Starting today, Mortar is following GitHub’s lead in supporting those who contribute to the data science community.

If you’re improving the data science community by allowing your Mortar projects to be seen and forked by the public, we will support you by providing free access to our complete platform (including unlimited development time, up to 25 public projects, and email support). In short, you’ll pay nothing beyond Amazon Web Services’ standard Elastic MapReduce fees if you decide to run a job.

A good illustration of the difference between talking about ethics (Ethics of Big Data?) and acting ethically.

Acting ethically benefits the community.

Government grants to discuss ethics, well, you know who benefits from that.

Ethics of Big Data?

Tuesday, November 19th, 2013

The ethics of big data: A council forms to help researchers avoid pratfalls by Jordan Novet.

From the post:

Big data isn’t just something for tech companies to talk about. Researchers and academics are forming a council to analyze the hot technology category from legal, ethical, and political angles.

The researchers decided to create the council in response to a request from the National Science Foundation (NSF) for “innovation projects” involving big data.

The Council for Big Data, Ethics, and Society will convene for the first time next year, with some level of participation from the NSF. Alongside Microsoft researchers Kate Crawford and Danah Boyd, two computer-science-savvy professors will co-direct the council: Geoffrey Bowker from the University of California, Irvine, and Helen Nissenbaum of New York University.

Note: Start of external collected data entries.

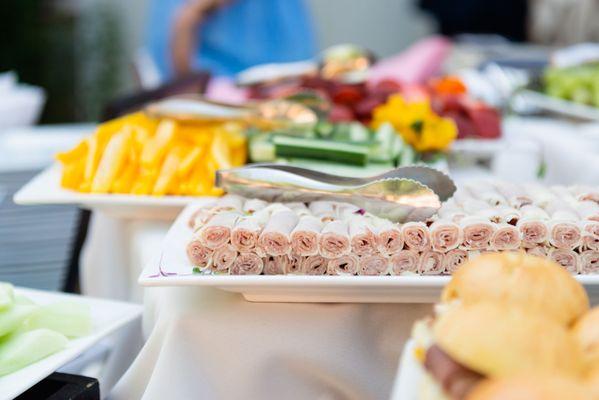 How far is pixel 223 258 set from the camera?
2.08ft

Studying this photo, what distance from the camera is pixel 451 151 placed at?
1255 millimetres

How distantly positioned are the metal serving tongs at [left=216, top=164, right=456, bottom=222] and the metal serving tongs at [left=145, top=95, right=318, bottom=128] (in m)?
0.36

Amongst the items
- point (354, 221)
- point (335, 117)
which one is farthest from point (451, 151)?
point (354, 221)

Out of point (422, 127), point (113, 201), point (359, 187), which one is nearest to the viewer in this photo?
point (359, 187)

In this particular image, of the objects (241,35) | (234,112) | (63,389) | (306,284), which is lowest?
(63,389)

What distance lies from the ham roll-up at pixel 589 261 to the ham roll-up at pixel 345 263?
21 centimetres

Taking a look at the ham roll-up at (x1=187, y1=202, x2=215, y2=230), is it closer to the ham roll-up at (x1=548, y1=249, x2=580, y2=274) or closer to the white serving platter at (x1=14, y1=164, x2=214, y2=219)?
the white serving platter at (x1=14, y1=164, x2=214, y2=219)

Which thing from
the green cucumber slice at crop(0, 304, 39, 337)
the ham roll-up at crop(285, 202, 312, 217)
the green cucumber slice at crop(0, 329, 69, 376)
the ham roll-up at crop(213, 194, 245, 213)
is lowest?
the green cucumber slice at crop(0, 329, 69, 376)

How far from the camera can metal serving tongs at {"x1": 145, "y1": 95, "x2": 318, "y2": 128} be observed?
111cm

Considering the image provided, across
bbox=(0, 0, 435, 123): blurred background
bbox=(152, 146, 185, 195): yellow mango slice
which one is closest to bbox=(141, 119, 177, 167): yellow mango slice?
bbox=(152, 146, 185, 195): yellow mango slice

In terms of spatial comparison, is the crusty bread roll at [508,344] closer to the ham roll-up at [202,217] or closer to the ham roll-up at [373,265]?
the ham roll-up at [373,265]

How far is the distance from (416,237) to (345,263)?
0.07m

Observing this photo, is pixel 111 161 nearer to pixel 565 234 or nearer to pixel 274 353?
pixel 274 353

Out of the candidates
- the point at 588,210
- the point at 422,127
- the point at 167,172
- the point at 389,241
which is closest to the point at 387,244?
the point at 389,241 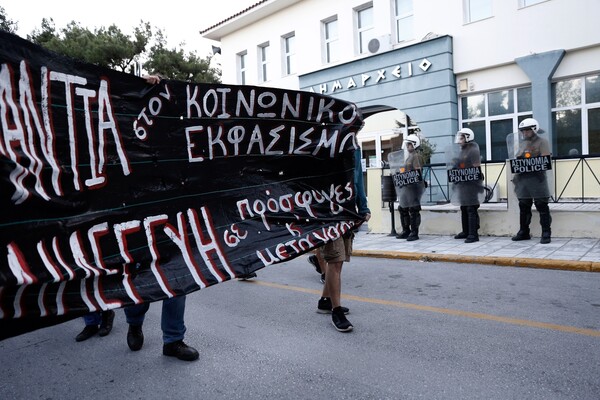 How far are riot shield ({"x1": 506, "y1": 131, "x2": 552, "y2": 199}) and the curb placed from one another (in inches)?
76.0

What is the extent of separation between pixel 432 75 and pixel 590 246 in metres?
7.44

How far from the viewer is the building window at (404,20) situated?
14.4m

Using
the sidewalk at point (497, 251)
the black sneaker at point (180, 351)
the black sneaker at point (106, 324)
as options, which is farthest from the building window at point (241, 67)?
the black sneaker at point (180, 351)

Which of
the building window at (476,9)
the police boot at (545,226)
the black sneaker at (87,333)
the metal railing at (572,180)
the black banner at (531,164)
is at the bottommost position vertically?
the black sneaker at (87,333)

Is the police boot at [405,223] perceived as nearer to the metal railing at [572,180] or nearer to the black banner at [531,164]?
the metal railing at [572,180]

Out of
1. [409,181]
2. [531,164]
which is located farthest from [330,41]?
[531,164]

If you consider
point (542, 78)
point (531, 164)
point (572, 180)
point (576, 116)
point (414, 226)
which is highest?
point (542, 78)

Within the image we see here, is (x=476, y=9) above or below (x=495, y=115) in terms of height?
above

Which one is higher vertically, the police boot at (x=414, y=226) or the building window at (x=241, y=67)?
the building window at (x=241, y=67)

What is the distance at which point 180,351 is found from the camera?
A: 145 inches

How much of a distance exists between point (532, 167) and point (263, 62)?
13.4 m

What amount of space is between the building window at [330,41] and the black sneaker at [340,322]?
13.7m

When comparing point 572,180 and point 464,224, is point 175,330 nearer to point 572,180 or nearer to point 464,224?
point 464,224

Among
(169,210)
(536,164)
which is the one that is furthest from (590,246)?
(169,210) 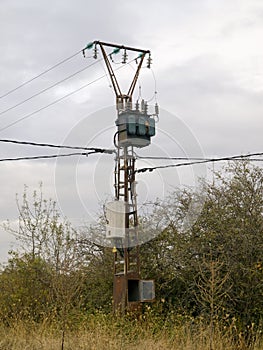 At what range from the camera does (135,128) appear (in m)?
14.7

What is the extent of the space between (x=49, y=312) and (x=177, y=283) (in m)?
3.14

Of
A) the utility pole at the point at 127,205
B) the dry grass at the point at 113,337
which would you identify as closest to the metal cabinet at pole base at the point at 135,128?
the utility pole at the point at 127,205

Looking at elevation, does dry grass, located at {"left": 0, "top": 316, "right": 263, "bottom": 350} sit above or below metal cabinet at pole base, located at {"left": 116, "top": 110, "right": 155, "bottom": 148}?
below

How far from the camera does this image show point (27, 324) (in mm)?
13875

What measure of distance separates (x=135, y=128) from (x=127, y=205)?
73.2 inches

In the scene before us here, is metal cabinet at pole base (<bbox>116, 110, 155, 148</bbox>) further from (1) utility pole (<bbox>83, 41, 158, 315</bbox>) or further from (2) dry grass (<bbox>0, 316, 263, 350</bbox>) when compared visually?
(2) dry grass (<bbox>0, 316, 263, 350</bbox>)

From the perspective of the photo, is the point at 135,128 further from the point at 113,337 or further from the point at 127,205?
the point at 113,337

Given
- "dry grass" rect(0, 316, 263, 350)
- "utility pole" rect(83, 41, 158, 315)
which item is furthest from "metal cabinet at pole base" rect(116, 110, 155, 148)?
"dry grass" rect(0, 316, 263, 350)

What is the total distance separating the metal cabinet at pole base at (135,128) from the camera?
14.7 metres

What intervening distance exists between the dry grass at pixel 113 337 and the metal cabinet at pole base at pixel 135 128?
402cm

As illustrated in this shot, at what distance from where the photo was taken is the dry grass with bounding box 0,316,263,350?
36.1 feet

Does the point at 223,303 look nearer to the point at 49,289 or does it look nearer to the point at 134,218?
the point at 134,218

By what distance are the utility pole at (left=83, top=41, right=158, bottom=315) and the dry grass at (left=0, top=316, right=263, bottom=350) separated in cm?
132

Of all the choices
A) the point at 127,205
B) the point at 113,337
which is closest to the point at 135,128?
the point at 127,205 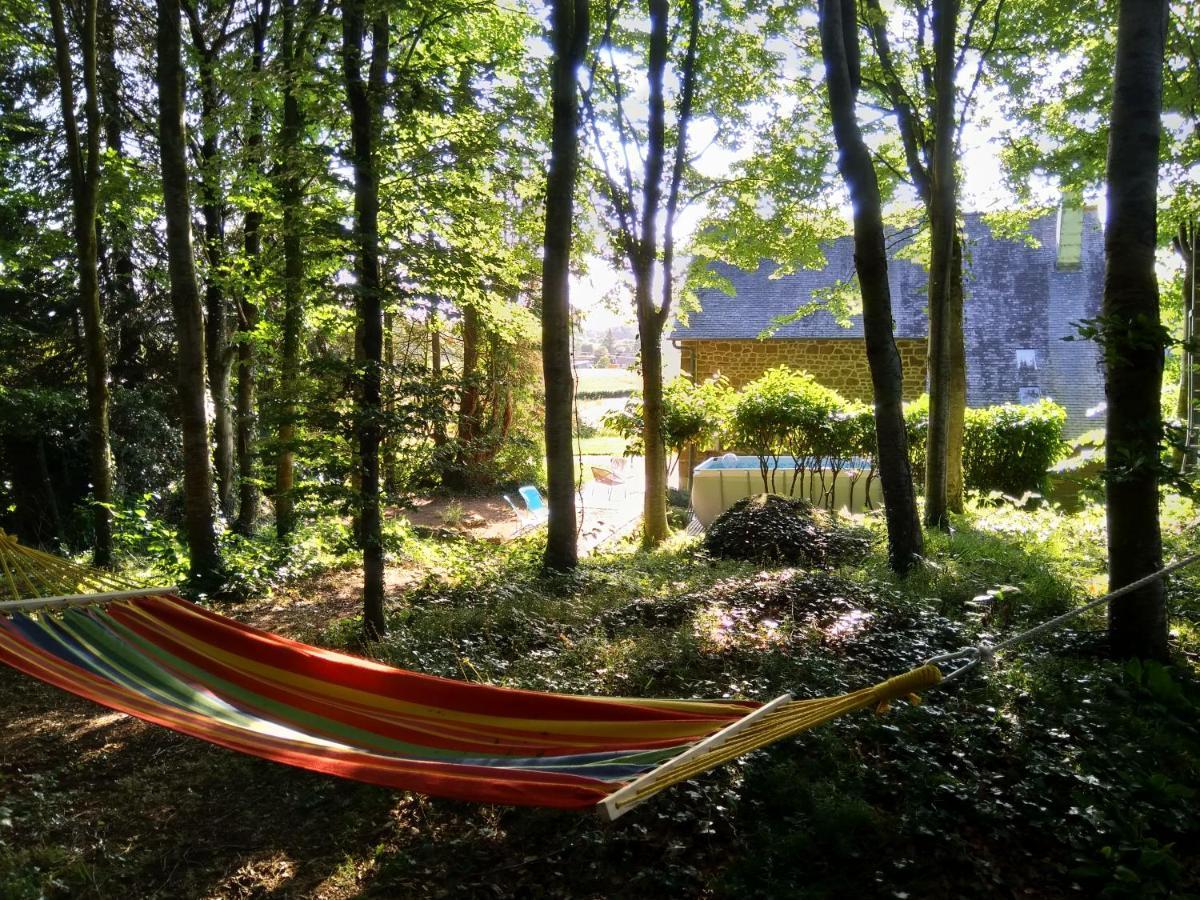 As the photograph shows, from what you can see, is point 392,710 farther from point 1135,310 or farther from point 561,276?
point 561,276

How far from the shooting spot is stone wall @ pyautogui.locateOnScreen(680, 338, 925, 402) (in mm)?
13938

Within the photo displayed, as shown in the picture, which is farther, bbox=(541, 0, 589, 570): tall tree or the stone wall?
the stone wall

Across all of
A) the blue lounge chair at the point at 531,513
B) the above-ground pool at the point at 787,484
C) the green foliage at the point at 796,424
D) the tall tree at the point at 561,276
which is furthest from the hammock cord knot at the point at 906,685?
the blue lounge chair at the point at 531,513

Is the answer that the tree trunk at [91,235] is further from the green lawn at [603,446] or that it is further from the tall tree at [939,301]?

Through “public commentary, events, white papers, and direct engagement with data analytics projects,” the council will “address issues such as security, privacy, equality, and access in order to help guard against the repetition of known mistakes and inadequate preparation,” according to a fact sheet the White House released on Tuesday.

“We’re doing all of these major investments in next-generation internet (projects), in big data,” Fen Zhao, an NSF staff associate, told VentureBeat in a phone interview. “How do we in the research-and-development phase make sure they’re aware and cognizant of any issues that may come up?”

Odd that I should encounter this just after seeing the latest NSA surveillance news.

Everyone cites the Tuskegee syphilis study as an example of research with ethical lapses.

Tuskegee is only one of many ethical lapses in American history. I think hounding native Americans to near extermination would make a list of moral lapses. But, that was more application than research.

It doesn’t require training in ethics to know Tuskegee and the treatment of native Americans were wrong.

And whatever “ethics” come out of this study are likely to resemble the definition of a prisoner of war as defined in Geneva Convention (III), Article 4(a)(2)

(2) Members of other militias and members of other volunteer corps, 
including those of organized resistance movements, belonging to a 
Party to the conflict and operating in or outside their own territory, 
even if this territory is occupied, provided that such militias or 
volunteer corps, including such organized resistance movements, 
fulfill the following conditions:

(a) that of being commanded by a person responsible for his 

(b) that of having a fixed distinctive sign recognizable at a distance;

(c) that of carrying arms openly;

(d) that of conducting their operations in accordance with the laws 
and customs of war.

That may seem neutral on its face, but it’s fair to say that major nation states and not groups that have differences with them are likely to meet those requirements.

In fact, the Laws of War Deskbook argues in part that members of the Taliban had no distinctive uniforms and thus no POW status. (At page 79, footnote 31.)

The point being discussion of ethics should be in concrete cases, so we can judge who will win and who will lose.

Otherwise you will have general principles of ethics that favor the rule makers.